== Exercise objective ==
Below is a listing; print exactly its lines from the one containing "A modern building" down to the one containing "アルマカオ・デ・ペラにあるShinning View Apartmentの白いタオルの積み重ねがベッドに座っている", both inclusive, with every picture left out.

== Source data ==
<<<<

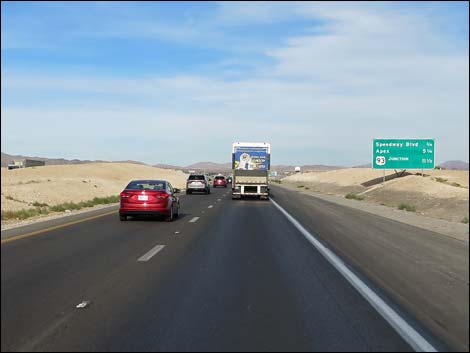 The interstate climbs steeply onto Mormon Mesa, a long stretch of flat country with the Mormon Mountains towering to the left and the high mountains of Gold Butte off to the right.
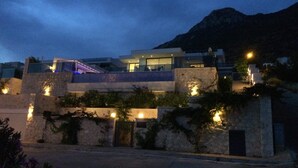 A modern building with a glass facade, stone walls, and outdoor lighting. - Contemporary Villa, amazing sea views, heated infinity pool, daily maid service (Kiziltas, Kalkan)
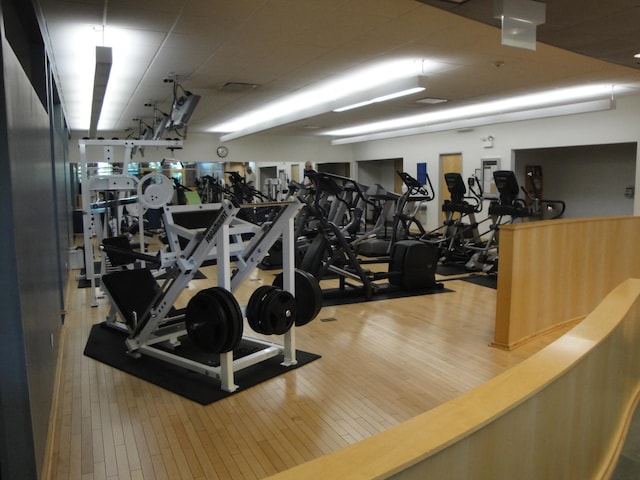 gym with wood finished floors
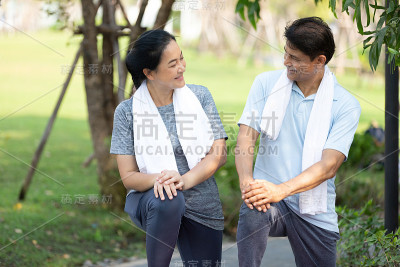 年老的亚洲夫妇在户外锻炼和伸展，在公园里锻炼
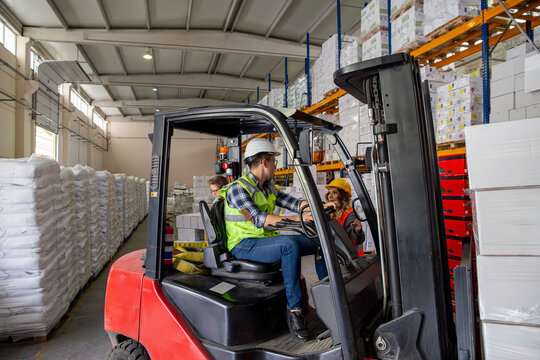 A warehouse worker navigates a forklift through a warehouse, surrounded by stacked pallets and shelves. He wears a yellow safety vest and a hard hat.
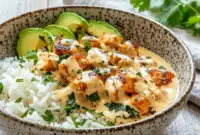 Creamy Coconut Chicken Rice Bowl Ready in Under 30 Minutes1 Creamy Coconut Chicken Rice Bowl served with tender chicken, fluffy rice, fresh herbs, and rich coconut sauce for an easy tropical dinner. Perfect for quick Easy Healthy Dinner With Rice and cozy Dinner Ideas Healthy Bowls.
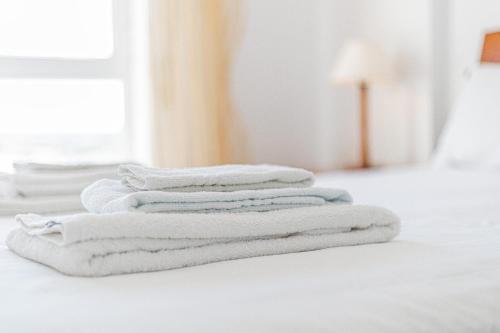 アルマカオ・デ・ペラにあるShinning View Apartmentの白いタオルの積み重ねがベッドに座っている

>>>>
<<<<

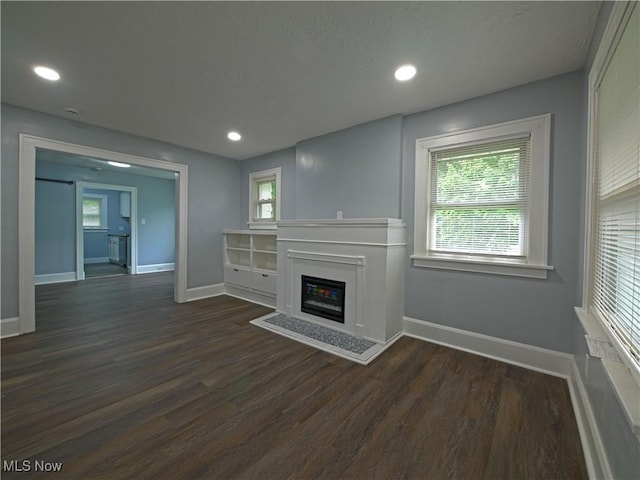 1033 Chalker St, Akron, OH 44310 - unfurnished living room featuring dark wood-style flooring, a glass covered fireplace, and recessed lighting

>>>>
<<<<

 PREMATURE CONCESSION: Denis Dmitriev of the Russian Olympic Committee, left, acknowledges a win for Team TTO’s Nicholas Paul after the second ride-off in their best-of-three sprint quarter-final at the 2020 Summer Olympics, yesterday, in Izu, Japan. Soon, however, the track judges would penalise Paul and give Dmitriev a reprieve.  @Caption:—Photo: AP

>>>>

== Output below ==
 A modern building with a glass facade, stone walls, and outdoor lighting. - Contemporary Villa, amazing sea views, heated infinity pool, daily maid service (Kiziltas, Kalkan)
 gym with wood finished floors
 年老的亚洲夫妇在户外锻炼和伸展，在公园里锻炼
 A warehouse worker navigates a forklift through a warehouse, surrounded by stacked pallets and shelves. He wears a yellow safety vest and a hard hat.
 Creamy Coconut Chicken Rice Bowl Ready in Under 30 Minutes1 Creamy Coconut Chicken Rice Bowl served with tender chicken, fluffy rice, fresh herbs, and rich coconut sauce for an easy tropical dinner. Perfect for quick Easy Healthy Dinner With Rice and cozy Dinner Ideas Healthy Bowls.
 アルマカオ・デ・ペラにあるShinning View Apartmentの白いタオルの積み重ねがベッドに座っている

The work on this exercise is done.